I really enjoyed this exhibition. Thanks Paula for recommending it and writing it up. The magazines at the back of the Cafe were a fantastic insight into what vernacular art is all about. (www.foundmagazine.com and www.ohiomagazine. I spent some time flicking through them - there really is no end to the possibilities. From prize cows (with four legs) I wandered in my head to other possibilities. Prize little madams a la 'Little Miss sunshine. Still to research that one, attractive hoovers and so on. Have found some wonderful tattoo sites but not sure how to upload families of the pictures in one go.
Joachim Schmid
Various works remined me so strongly of different films : Amelie and Central Station. The haunting pain of other peoples left overs. Whole worlds unfold in one's imagination from these snipits of other peoples' trash and Miscellaneous was very powerful.
“For the last 25 years Joachim Schmid (b. 1955) has challenged the traditional and prevailing idea of ‘art photography‘. Instead, he has championed the importance of photographs that are produced and seen everyday; ranging from passport photos, to high street studio portraits, ID cards and, more recently, the Internet.
In Bilder von der Strasse (Pictures from the Street, ongoing since 1982) Schmid has collected discarded photographs from around the world, revealing the bizarre in the ordinary and overlooked. The exhibition also includes Photogenetic Drafts (1991). Using negatives a studio photographer had cut in half to prevent their further use, Schmid has created ironic and unsettling photo-collages that play on the predictability of the commercial studio portrait. The exhibition will premier two multi-channel digital photo installations, Tausend Himmel (Thousand Skies, 2005) and Menschen und Dinge (People and Things, 2006).
Schmid‘s interest in collecting and archiving photographs reflects a concern with photography as an all-encompassing discourse that runs throughout the public and private spheres of our lives.
The exhibition has been organized in collaboration with the Tang Museum at Skidmore College (Saratoga Springs, New York).

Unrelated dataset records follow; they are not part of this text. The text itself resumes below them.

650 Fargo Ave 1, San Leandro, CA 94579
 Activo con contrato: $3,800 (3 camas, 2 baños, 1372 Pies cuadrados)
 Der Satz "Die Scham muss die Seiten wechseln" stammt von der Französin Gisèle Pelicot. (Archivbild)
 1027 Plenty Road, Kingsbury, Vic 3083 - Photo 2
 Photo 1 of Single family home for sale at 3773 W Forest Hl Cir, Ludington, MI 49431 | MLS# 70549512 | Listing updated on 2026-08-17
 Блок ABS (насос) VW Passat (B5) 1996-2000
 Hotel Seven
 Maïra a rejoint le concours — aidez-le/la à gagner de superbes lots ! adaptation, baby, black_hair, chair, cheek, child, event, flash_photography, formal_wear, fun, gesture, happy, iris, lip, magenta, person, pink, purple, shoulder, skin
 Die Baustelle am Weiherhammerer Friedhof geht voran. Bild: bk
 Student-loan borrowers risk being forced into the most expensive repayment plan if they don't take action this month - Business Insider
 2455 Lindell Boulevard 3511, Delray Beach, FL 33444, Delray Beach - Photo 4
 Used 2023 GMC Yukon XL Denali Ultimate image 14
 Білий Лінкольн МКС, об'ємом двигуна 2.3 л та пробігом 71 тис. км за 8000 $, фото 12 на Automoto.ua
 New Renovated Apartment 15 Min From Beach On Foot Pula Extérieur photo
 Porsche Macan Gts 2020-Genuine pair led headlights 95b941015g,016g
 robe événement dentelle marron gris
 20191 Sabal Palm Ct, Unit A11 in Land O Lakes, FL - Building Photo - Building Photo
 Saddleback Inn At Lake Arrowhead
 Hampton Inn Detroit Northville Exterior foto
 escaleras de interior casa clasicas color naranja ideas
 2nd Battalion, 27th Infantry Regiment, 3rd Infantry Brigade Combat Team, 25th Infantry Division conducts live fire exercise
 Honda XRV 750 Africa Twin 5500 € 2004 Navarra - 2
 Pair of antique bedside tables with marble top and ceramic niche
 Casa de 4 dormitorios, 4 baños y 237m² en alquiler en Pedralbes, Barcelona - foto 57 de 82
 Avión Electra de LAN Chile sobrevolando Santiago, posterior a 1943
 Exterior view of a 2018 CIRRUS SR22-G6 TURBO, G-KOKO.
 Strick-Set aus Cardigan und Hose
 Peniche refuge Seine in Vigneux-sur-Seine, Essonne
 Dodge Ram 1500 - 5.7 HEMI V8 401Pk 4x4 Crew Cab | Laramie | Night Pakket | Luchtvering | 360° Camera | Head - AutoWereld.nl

Two publications have been produced to coincide with the exhibition and are available from the Gallery Bookshop. Tausend Himmel, published by The Photographers‘ Gallery, is a full colour 64-page artist booklet featuring images from the project of the same title; and a monograph, Joachim Schmid Photoworks 1982—2007, published by Photoworks (UK), Tang Museum (USA) and Steidl (Germany), with support from The Photographers‘ Gallery and the Andy Warhol Foundation for the Visual Arts.”